South African art has always taken on the unique flavour of the country, from the 4 000-year-old cave paintings of the San Bushmen – the richest collection of rock art in Africa – to the homegrown conceptual art movement that sprang up as apartheid came to an end in the 1990s.
Elephants Charging over Quartos Country (1870) by Thomas Baines (1820-1875)
Sections in this article:
- The 4 000-year-old gallery
- Colonial art
- The 20th century and apartheid
- Impact of African forms
- Emerging black artists
- The outsiders’ view
- Apartheid in crisis: 1970s and 1980s
- Conceptual art of the 1990s
- Crafts: the reinvention of tradition
- Useful links
San Bushman rock painting in the Drakensberg range of mountains.
The San Bushmen, Africa’s oldest hunter-gatherers, lived in the massive Drakensberg range of mountains from 4 000 years ago until they were driven out by colonialists in the 19th century. Over that time, they created a vast body of art on the walls of caves and rock shelters – the largest and most concentrated group of rock paintings in sub-Saharan Africa.
This rich collection prompted the United Nations Educational and Scientific Organisation – Unesco – to inscribe the Drakensberg as a mixed natural and cultural world heritage site in 2 000. The paintings, Unesco said, “represent the spiritual life of the San people” and are “outstanding both in quality and diversity of subject”.
“The San people lived in the mountainous Drakensberg area for more than four millennia, leaving behind them a corpus of outstanding rock art, which throws much light on their way of life and their beliefs,” Unesco said.
“The authenticity of the paintings, and their shelter and cave settings, as a reflection of the beliefs of the San peoples, are without question.”
Watch: The world heritage San Bushman rock art of the Drakensberg:
During the early colonial era, white South African artists tended to concentrate on depicting what they saw as a “new world”, in accurate detail.

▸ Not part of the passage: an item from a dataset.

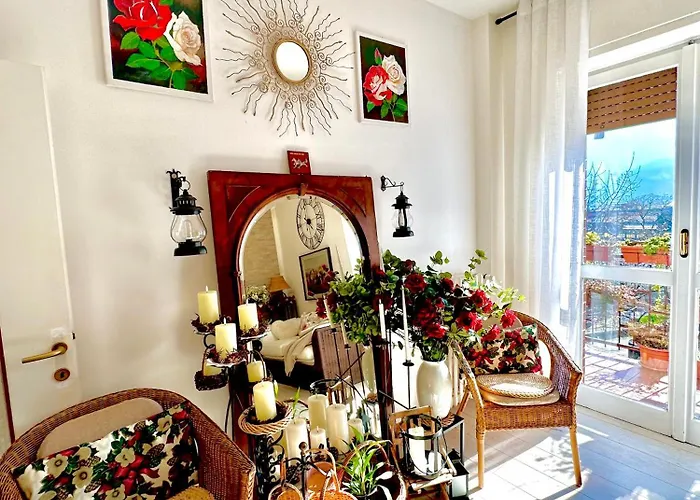 Apartmán Rl Vacanze *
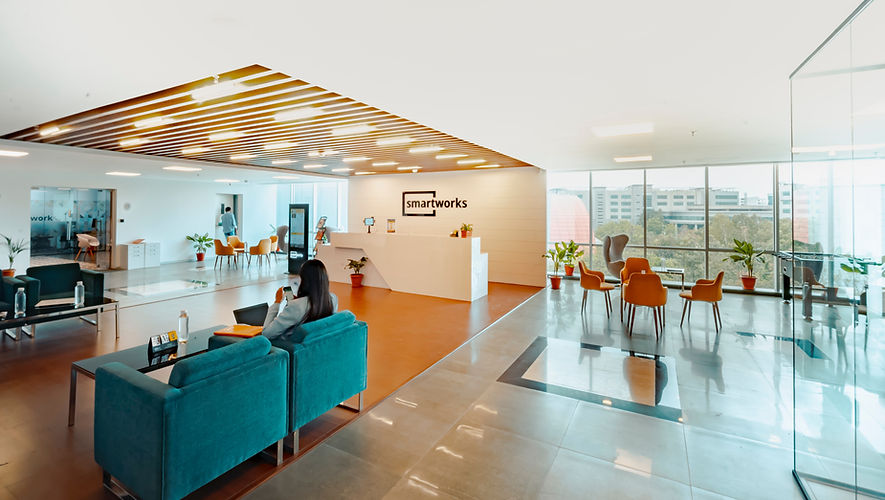 Image by Smartworks Coworking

Artists such as Thomas Baines travelled the country recording its flora, fauna, people and landscapes – a form of reporting for those back in the metropolis.
Towards the end of the 19th century, painters Jan Volschenk and Pieter Hugo Naudé and the sculptor Anton van Wouw began to establish a locally rooted art. Their work – the first glimpse of an artistic vision that engaged with life as lived in South Africa – marked the moment the country began to acquire its own national identity, with the 1910 Union of South Africa marking the formal end of the colonial era.
An Extensive View of Farmlands by JH Pierneef (1886-1957)
In the first decades of the 20th century, the Dutch-born painter JH Pierneef brought a coolly geometric sensibility to the South African landscape; he also, in a way that fed into Afrikaner nationalist ideology, found it bereft of human inhabitants.
By the 1930s, two women artists, Maggie Laubscher and Irma Stern, brought the techniques and sensibilities of post-impressionism and expressionism to South African art. Their bold colour and composition, and highly personal point of view, rather scandalised those with old-fashioned concepts of acceptable art. Yet younger artists such as Gregoire Boonzaier, Maud Sumner and Moses Kottler were rejoicing in this new spirit of cosmopolitanism.
The apartheid years (1948-1994) witnessed a great diversity in South African art – ranging from landscape painting to abstract art. There was engagement with European and American currents, but also a fiercely local sense of what it meant to be an artist in this country during troubled times.
Inevitably, black artists were largely neglected. It was left to white artists, endowed with training, resources and supportive galleries, to build a corpus of South African art.
After World War II, returning soldiers and some immigrants brought European ideas to the local art world. In the 1940s, Jean Welz, for instance, born in Austria in 1900, brought a detailed, nuanced and sophisticated style to still lifes, portraits, nudes and landscape paintings. Maurice van Essche, born in Belgium in 1906, applied the modernist techniques of his teacher Matisse to specifically African subject matter.
This detail of a mural by Walter Battiss in the foyer of the Pretoria city hall reveals the influence San Bushman rock painting had on his work.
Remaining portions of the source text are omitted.